Pas plus que le monde médical et soignant n’est homogène dans son approche et ses représentations de la question, les usagers ne le sont dans leurs attentes et leurs manières de faire avec ou de se défaire des drogues. Je perçois ici, dans cette assemblée, que vous constituez un groupe d’usagers particulièrement initiés et ayant accès à des réseaux peu visibles (par exemple pour la prescription de médicaments opiacés « atypiques » ou l’expérimentation de protocoles non officiels). Ma situation n’est pas davantage représentative et je n’ai aucunement prétention à parler ici au nom de la médecine ni même des « intervenants en toxicomanie ». Je réagis à vos propos en tant que personne que je vous demande de ne pas réduire à une fonction de représentation, d’un groupe ou d’une corporation…

Ceci dit, venons-en à nos 10 malentendus.

1. La définition improbable ou (parfois) affirmée de la toxicomanie comme maladie chronique

L’enjeu de cette définition est évidemment capital pour savoir à qui, de l’individu concerné, du médecin ou de la société, est attribué le rôle clé dans cette affaire.

Je crois qu’entre la désignation d’une maladie chronique ou d’une conduite individuelle et assumée, il ne s’agit pas de faire un choix binaire, mais de savoir différencier le niveau ou la part du phénomène que l’on considère.

L’approche addictologique sur ce point, comme sur beaucoup d’autres, est une aide précieuse. Je vous invite à l’adopter davantage et à y apporter votre contribution.

La distinction des problématiques de l’usage, de l’abus et de la dépendance est ici fondamentale. Nos collègues alcoologues n’ont d’ailleurs plus aucun problème pour parler de l’alcoolo-dépendance comme maladie (tout en différenciant différents types de dépendance) et pour ne pas amalgamer tous les usagers et tous les usages problématiques dans le registre de « l’alcoolisme », alors que pour ce qui nous concerne cet amalgame est encore très fréquent sous le vocable de « toxicomanie ». La définition de la part pathologique du phénomène de consommation est particulièrement imprécise dans le domaine des substances illicites.

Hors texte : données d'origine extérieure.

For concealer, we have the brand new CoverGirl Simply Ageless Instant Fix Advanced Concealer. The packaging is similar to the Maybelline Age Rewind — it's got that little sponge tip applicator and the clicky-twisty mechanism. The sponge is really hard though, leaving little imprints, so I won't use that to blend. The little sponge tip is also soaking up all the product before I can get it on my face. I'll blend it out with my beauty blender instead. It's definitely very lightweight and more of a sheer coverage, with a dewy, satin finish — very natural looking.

Cette question est cruciale, car s’il faut sans doute se garder d’une vision strictement bio-médicale, il faut accepter également que la dépendance – en particulier la plus « totale », celle aux opiacés – a une base neuro-biologique qui rend compte de son évolution autonome, et de la perte de contrôle qu’elle détermine, sapant jusqu’à la liberté même du sujet. Cela ne rend pas compte de tout, y compris de toute la dépendance, mais cela est une réalité peu contestable aujourd’hui.

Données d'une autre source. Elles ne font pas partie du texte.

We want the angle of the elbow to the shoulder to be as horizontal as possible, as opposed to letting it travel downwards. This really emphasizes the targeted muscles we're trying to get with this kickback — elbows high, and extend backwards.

Ce que le sujet fait de sa dépendance lui appartient, mais il ne peut pas toujours la contenir ou s’en extraire sans intervention extérieure, et, dans ce domaine, l’intervention médicale (au sens global, bien sûr) n’est sûrement pas la plus mauvaise.

C’est aussi cette vison médicale qui peut permettre de sortir d’une représentation par trop morale de la consommation de drogues et des problèmes qu’elle peut susciter, à condition qu’on lui accorde la légitimité d’énoncer des règles techniques, des règles de bonnes pratiques. J’y reviendrai.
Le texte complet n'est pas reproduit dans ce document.